**Activity**
Each line from the one containing "Bathroom of Flat" to the last line of the listing below must be reproduced exactly, and nothing more.

**Data shown**
····················

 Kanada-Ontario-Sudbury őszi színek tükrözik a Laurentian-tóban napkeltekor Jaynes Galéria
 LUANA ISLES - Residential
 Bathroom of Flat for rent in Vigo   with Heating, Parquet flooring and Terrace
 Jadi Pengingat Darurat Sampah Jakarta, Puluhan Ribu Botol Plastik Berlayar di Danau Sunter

····················

**Reply to the task**
 Bathroom of Flat for rent in Vigo   with Heating, Parquet flooring and Terrace
 Jadi Pengingat Darurat Sampah Jakarta, Puluhan Ribu Botol Plastik Berlayar di Danau Sunter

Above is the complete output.